■ What the task requires ■
The material below includes pictures; leave them out and return only the lines between the line containing "It is suitable" and the line containing "Next we have", inclusive, word for word.

■ Records to use ■
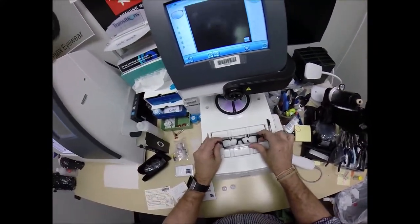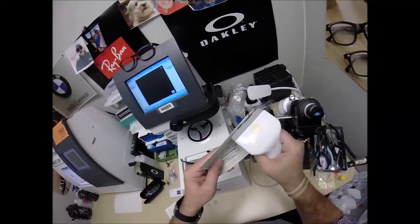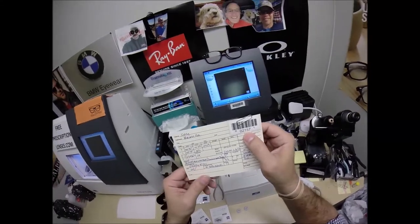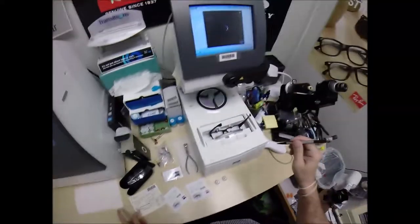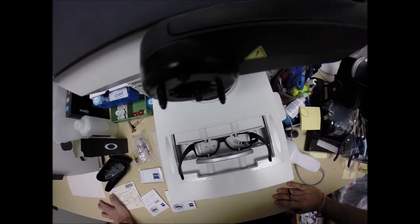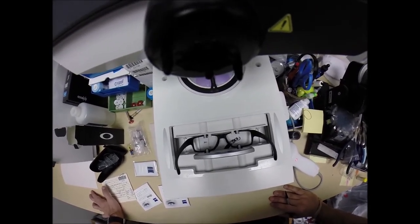I'll place the frame into the tracing element of my blocker and program the shape into the computer. You are secret agent 2157 — or, as I like to call you, volume 2147 of my 327 million volume series of making a pair of glasses for everyone in America. So stay tuned for those other 326 plus million videos. A little stylus is going to go around and trace the inside bevel of the right side of the frame before doing the same thing on the left, here at freeprescriptionlenses.com.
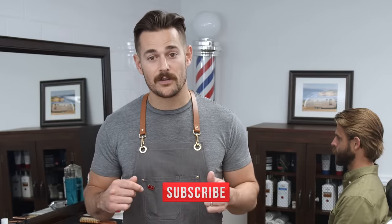First, take a minute to show your support for the Cremo YouTube channel and click that subscribe button below. I'm not sharing my tips until you do. Do it!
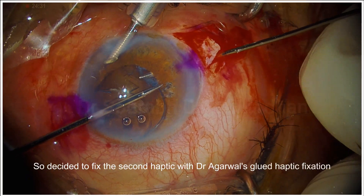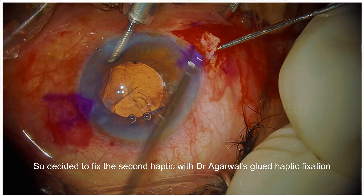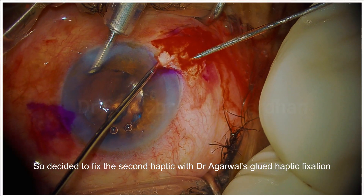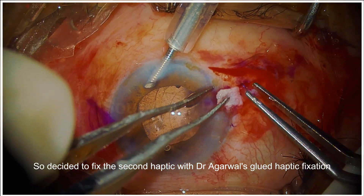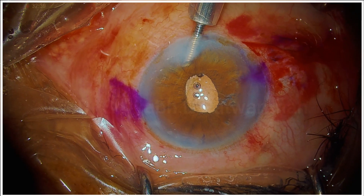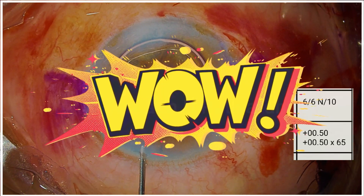Now because of that, I cannot really put the second haptic using the Yamane technique. So I use Agarwal's glued haptic fixation technique here. Remember, the bag is still intact and appears well supported by the CTR. But because the sulcus was absent in the inferior part, I have now done fixation of the haptic to the sclera — one side with Yamane, the other side with Dr. Agarwal's technique. It looks all good at the end. Post-op at one week, the patient was 6/6 — unedited. Thank you.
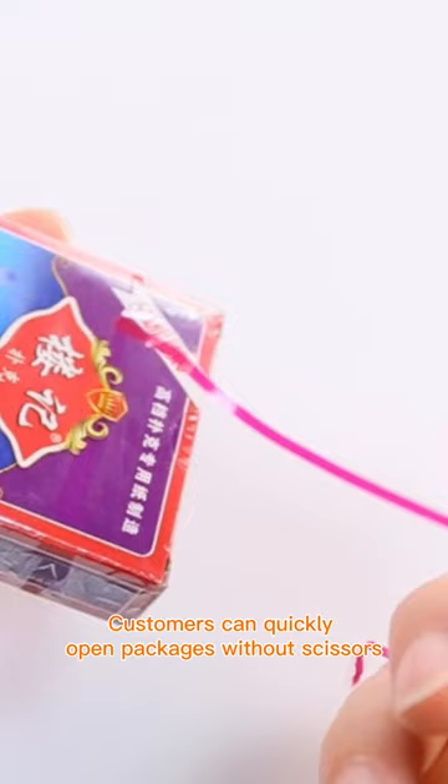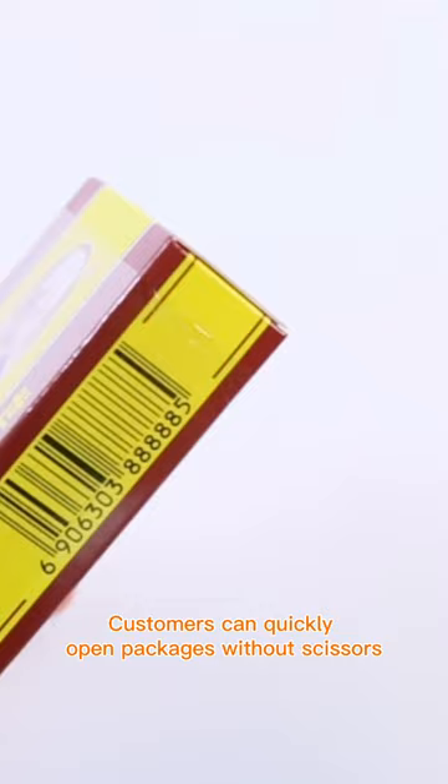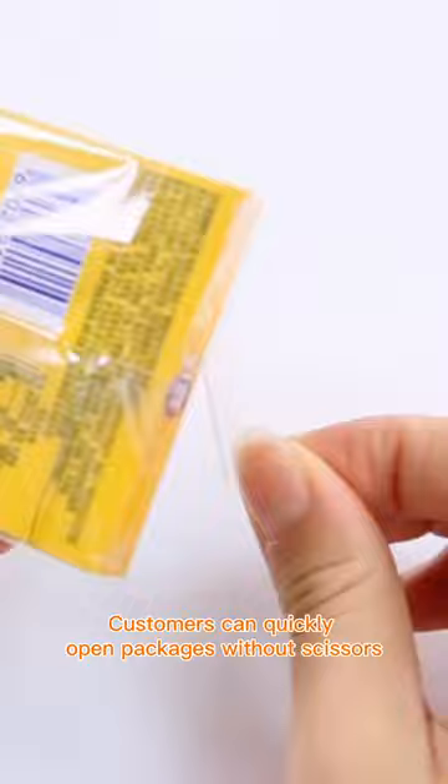It is suitable for applications in different industries such as tobacco, playing cards, food, chewing gum, etc. Apply this thin optical self-adhesive tear tape to your product packaging to make it easier for customers to open the packaging without any tools.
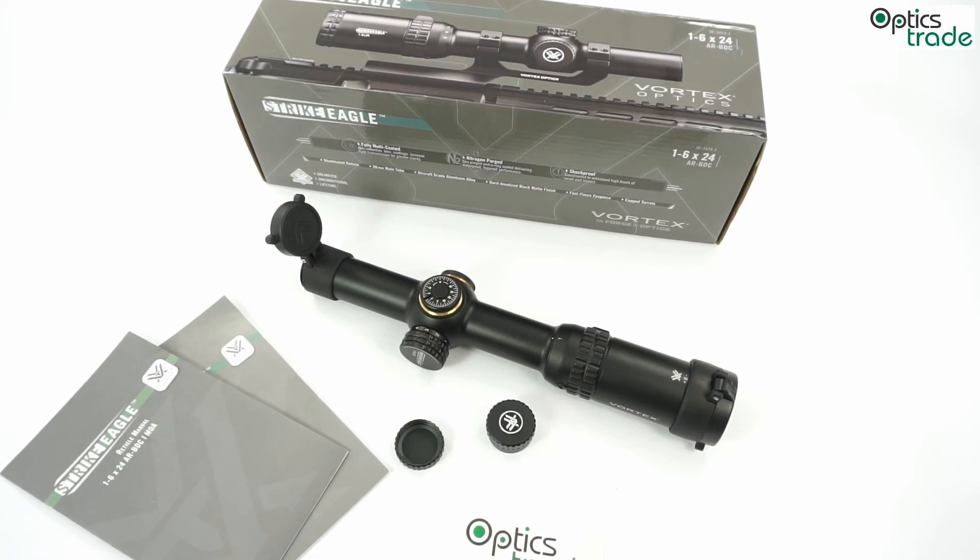I will not list all the parameters that could have been done better. For this price, it is almost astonishing that you get a real 1x magnification, 39 meters of field of view — which is really a lot even without considering the price range — and daytime bright illumination. The only thing I would say is that the reticle could be a little bit thinner, but everything else for a scope at 400 euros or less is done really well. Thank you for watching. If you have any additional questions, please visit our webpage, use the comments on this YouTube channel, or send us an email.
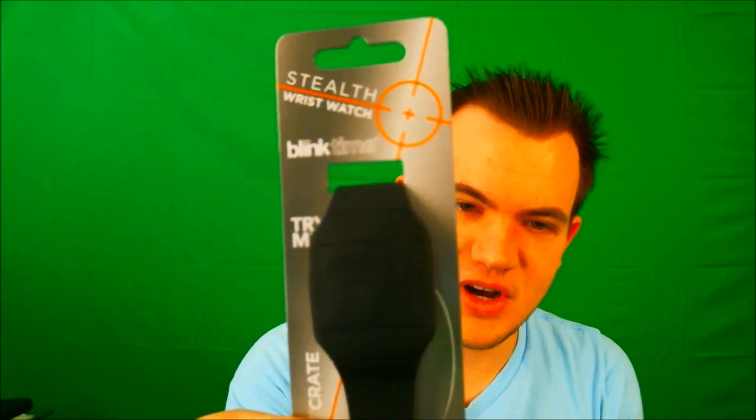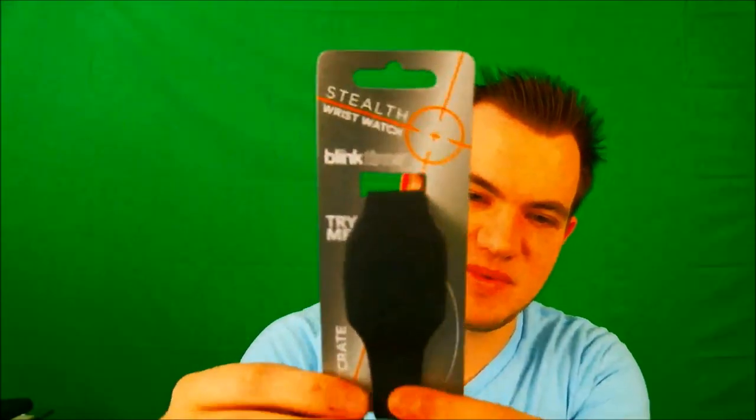Next we have this weird watch — it's a stealth wristwatch. It says 'Blink Time,' just click anywhere to display the time. Let me try it out. Okay, that's pretty cool — the time pops up just like that. It doesn't even look like it could display anything, doesn't even look like it has lights, and then it does this awesome stuff. You click it, it shows the time and then goes away. If I saw somebody wearing this I'd be like, what the heck are they wearing? It just looks like a blank plastic screen. Pretty cool watch — not a watch guy, so I don't know if I'll wear it, but definitely cool for a little show.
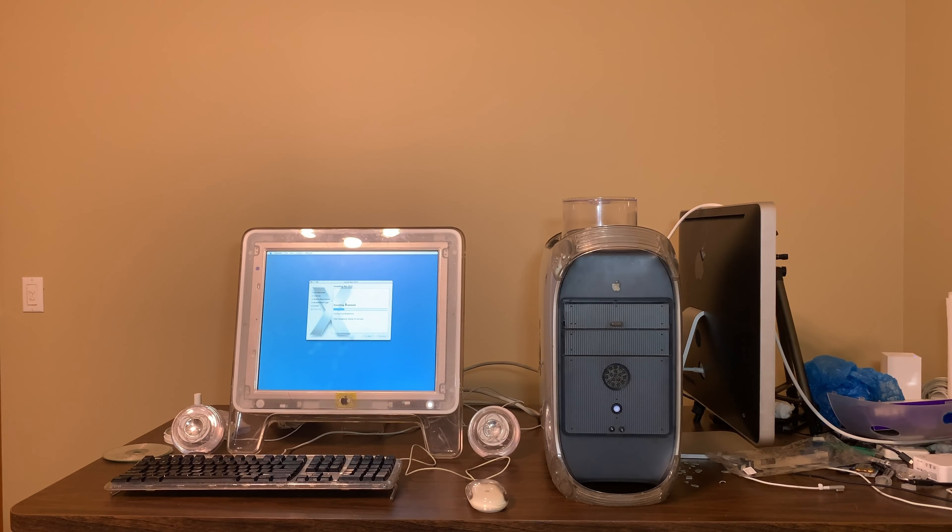Apologies again for the background noise, but this thing's almost finished installing. We're going to be taking this heat sink off and cleaning it up. It looks like you just need to remove these four screws and void the warranty — well, there's no warranty left on it, so that shouldn't be a problem. I don't see anything else holding it in, it should just pop — yeah, there it goes.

■ Exercise result ■
It is suitable for applications in different industries such as tobacco, playing cards, food, chewing gum, etc. Apply this thin optical self-adhesive tear tape to your product packaging to make it easier for customers to open the packaging without any tools.
I will not list all the parameters that could have been done better. For this price, it is almost astonishing that you get a real 1x magnification, 39 meters of field of view — which is really a lot even without considering the price range — and daytime bright illumination. The only thing I would say is that the reticle could be a little bit thinner, but everything else for a scope at 400 euros or less is done really well. Thank you for watching. If you have any additional questions, please visit our webpage, use the comments on this YouTube channel, or send us an email.
Next we have this weird watch — it's a stealth wristwatch. It says 'Blink Time,' just click anywhere to display the time. Let me try it out. Okay, that's pretty cool — the time pops up just like that. It doesn't even look like it could display anything, doesn't even look like it has lights, and then it does this awesome stuff. You click it, it shows the time and then goes away. If I saw somebody wearing this I'd be like, what the heck are they wearing? It just looks like a blank plastic screen. Pretty cool watch — not a watch guy, so I don't know if I'll wear it, but definitely cool for a little show.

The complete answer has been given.